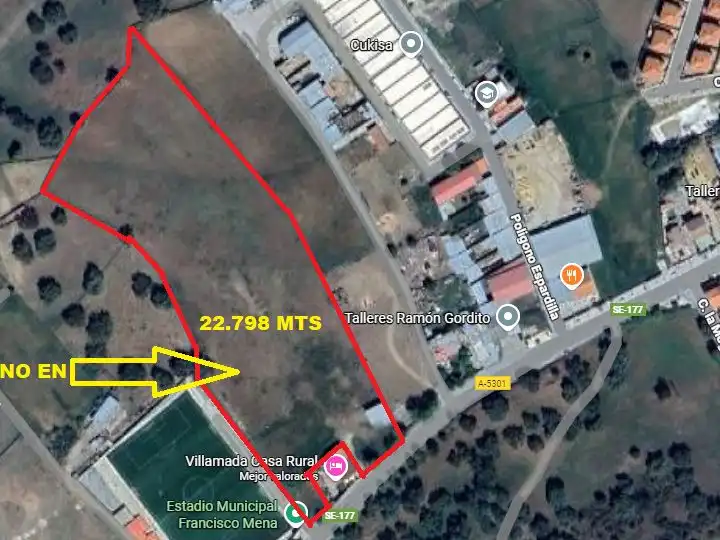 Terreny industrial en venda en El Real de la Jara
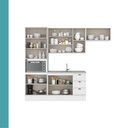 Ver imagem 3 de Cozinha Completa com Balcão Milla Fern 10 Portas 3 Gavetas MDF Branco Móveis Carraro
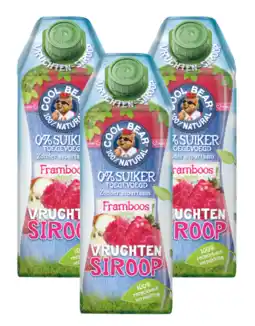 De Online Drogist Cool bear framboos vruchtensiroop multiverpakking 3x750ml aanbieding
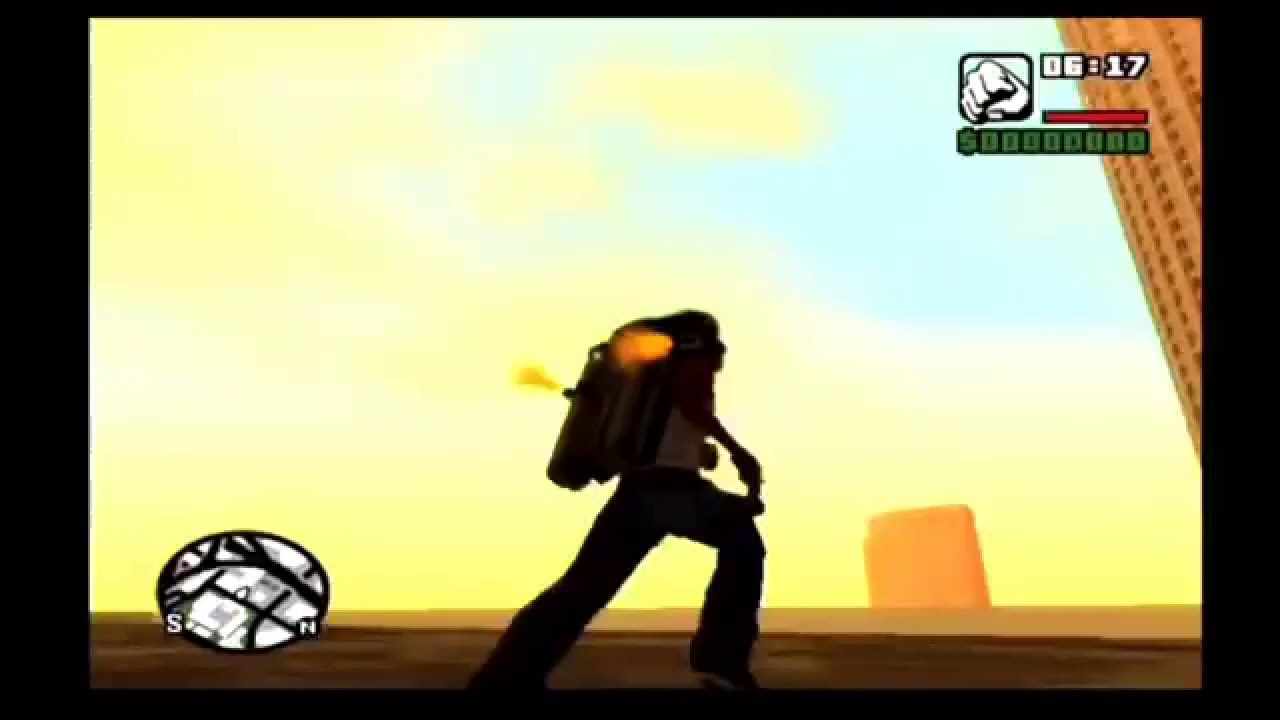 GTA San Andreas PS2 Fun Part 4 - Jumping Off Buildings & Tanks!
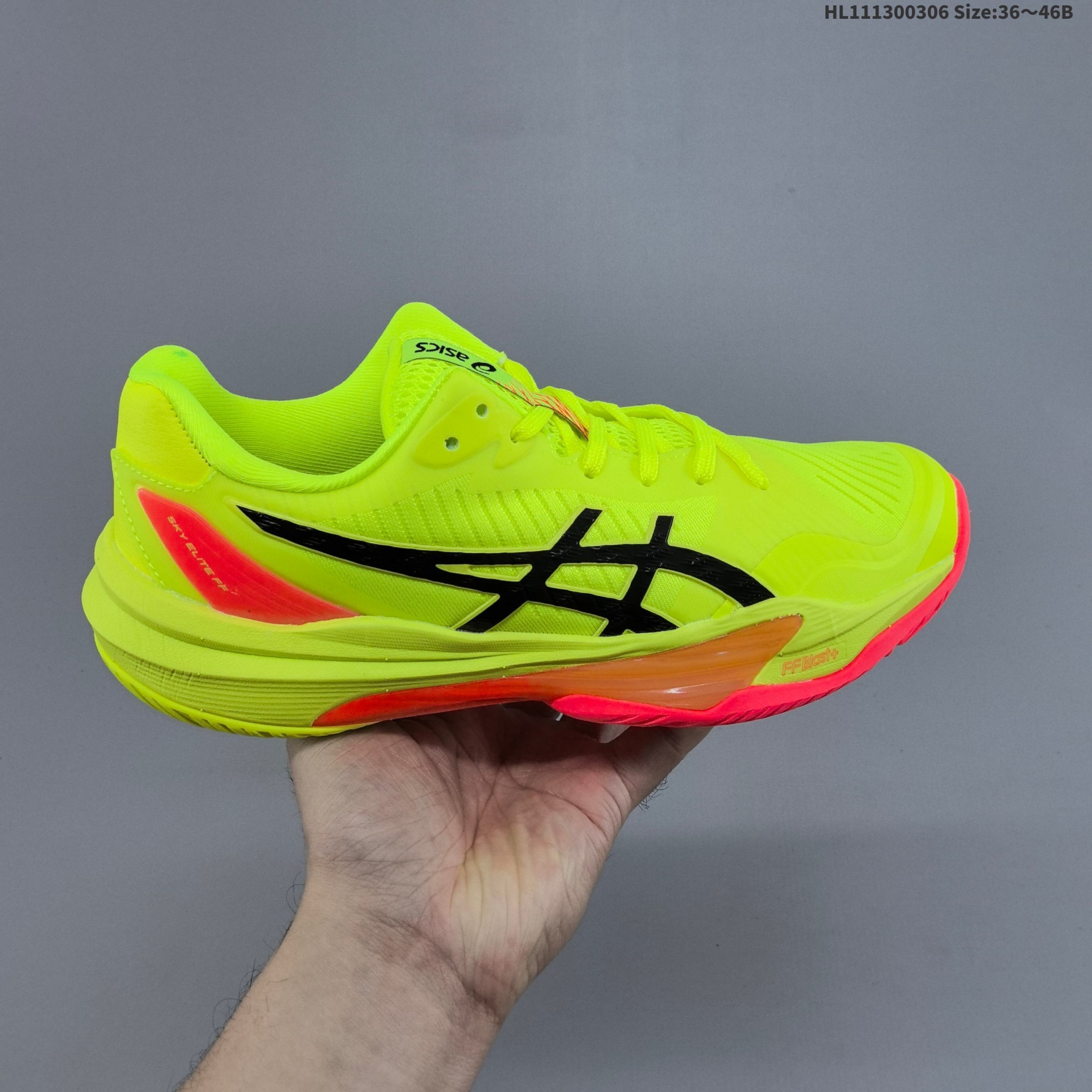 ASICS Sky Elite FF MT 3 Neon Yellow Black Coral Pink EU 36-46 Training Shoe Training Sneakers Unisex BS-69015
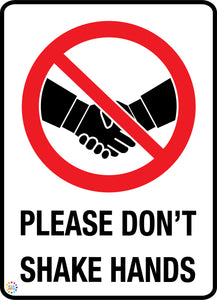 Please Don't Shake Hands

## Task directions
All lines from the one holding "Ver imagem 3" to the end of the listing above need to be duplicated exactly. None of the pictures should be included.

## Written response
 Ver imagem 3 de Cozinha Completa com Balcão Milla Fern 10 Portas 3 Gavetas MDF Branco Móveis Carraro
 De Online Drogist Cool bear framboos vruchtensiroop multiverpakking 3x750ml aanbieding
 GTA San Andreas PS2 Fun Part 4 - Jumping Off Buildings & Tanks!
 ASICS Sky Elite FF MT 3 Neon Yellow Black Coral Pink EU 36-46 Training Shoe Training Sneakers Unisex BS-69015
 Please Don't Shake Hands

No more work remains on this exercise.